Benito Amilcare Andrea Mussolini nacque a Predappio il 29 luglio 1883  e morì a Giulino di Mezzegra il 28 aprile 1945.

E’ stato un politico, militare, giornalista e dittatore italiano; fu fondatore del fascismo e Presidente del Consiglio del Regno d’Italia dal 31 ottobre 1922 al 25 luglio 1943.

Nel gennaio 1925 assunse poteri dittatoriali e  acquisì il titolo di capo del governo primo ministro segretario di Stato. Dopo la guerra d’Etiopia, aggiunse al titolo di duce quello di “Fondatore dell’Impero” e divenne Primo Maresciallo dell’Impero nel 1938. Fu capo della Repubblica Sociale Italiana dal settembre 1943 al 27 aprile 1945.
Fu esponente di spicco del Partito Socialista Italiano e direttore del quotidiano socialista “Avanti!” dal 1912.

Convinto anti-interventista negli anni della guerra italo-turca e in quelli precedenti la prima guerra mondiale, nel 1914 cambiò opinione, dichiarandosi a favore dell’intervento in guerra. Trovandosi in contrasto con la linea del partito, si dimise e fondò Il Popolo d’Italia, per poi essere espulso dal PSI.

Nell’immediato dopoguerra, cavalcando lo scontento per la “vittoria mutilata”, fondò i Fasci italiani di combattimento (1919), poi divenuti Partito Nazionale Fascista nel 1921, e si presentò al Paese con un programma politico nazionalista e radicale.
Nel contesto di instabilità politica e sociale, puntò alla presa del potere; con l’aiuto di atti di squadrismo e d’intimidazione politica che culminarono il 28 ottobre 1922 con la marcia su Roma, Mussolini ottenne dal re l’incarico di costituire il Governo.

Dopo il contestato successo alle elezioni politiche del 1924, instaurò nel gennaio 1925 la dittatura, risolvendo con forza la situazione creatasi dopo l’assassinio di Matteotti.
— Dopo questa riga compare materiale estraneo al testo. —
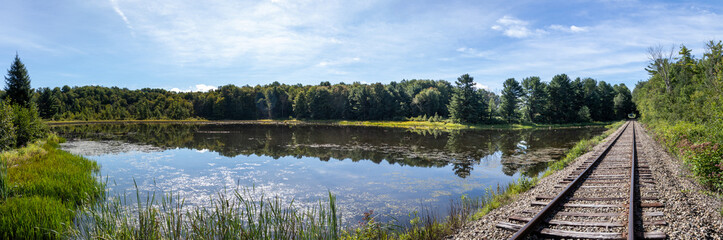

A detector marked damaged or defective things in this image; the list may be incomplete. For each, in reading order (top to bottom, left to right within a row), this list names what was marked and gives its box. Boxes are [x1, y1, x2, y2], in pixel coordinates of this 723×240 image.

rusty rail [506, 122, 632, 240]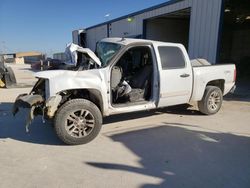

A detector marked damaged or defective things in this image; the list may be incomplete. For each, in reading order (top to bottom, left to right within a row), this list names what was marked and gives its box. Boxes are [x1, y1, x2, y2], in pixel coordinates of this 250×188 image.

damaged front end [12, 78, 49, 131]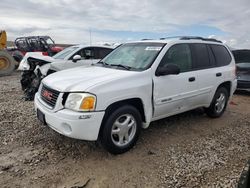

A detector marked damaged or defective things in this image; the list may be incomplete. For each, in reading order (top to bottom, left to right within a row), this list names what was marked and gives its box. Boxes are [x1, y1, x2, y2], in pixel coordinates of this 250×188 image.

damaged car in background [19, 44, 114, 100]
wrecked vehicle [20, 45, 114, 100]
wrecked vehicle [34, 37, 236, 154]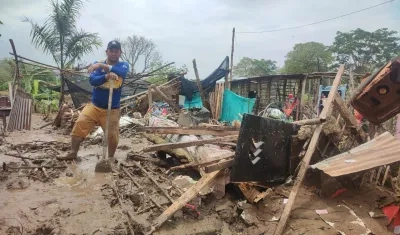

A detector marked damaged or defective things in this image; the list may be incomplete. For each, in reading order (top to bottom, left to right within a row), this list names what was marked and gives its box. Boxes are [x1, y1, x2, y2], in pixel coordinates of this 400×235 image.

broken wooden beam [151, 84, 180, 113]
broken wooden beam [143, 135, 238, 153]
broken wooden beam [169, 152, 234, 171]
broken wooden beam [274, 64, 346, 235]
rusty zinc roofing sheet [310, 132, 400, 176]
broken wooden beam [148, 170, 220, 234]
Negli anni successivi consolidò il regime e inquadrando le masse nelle organizzazioni di partito.
Nel 1935, Mussolini decise di occupare l’Etiopia, provocando l’isolamento internazionale dell’Italia. Appoggiò quindi i franchisti nella guerra civile spagnola e si avvicinò alla Germania nazionalsocialista di Adolf Hitler, con il quale stabilì il Patto d’Acciaio nel 1939.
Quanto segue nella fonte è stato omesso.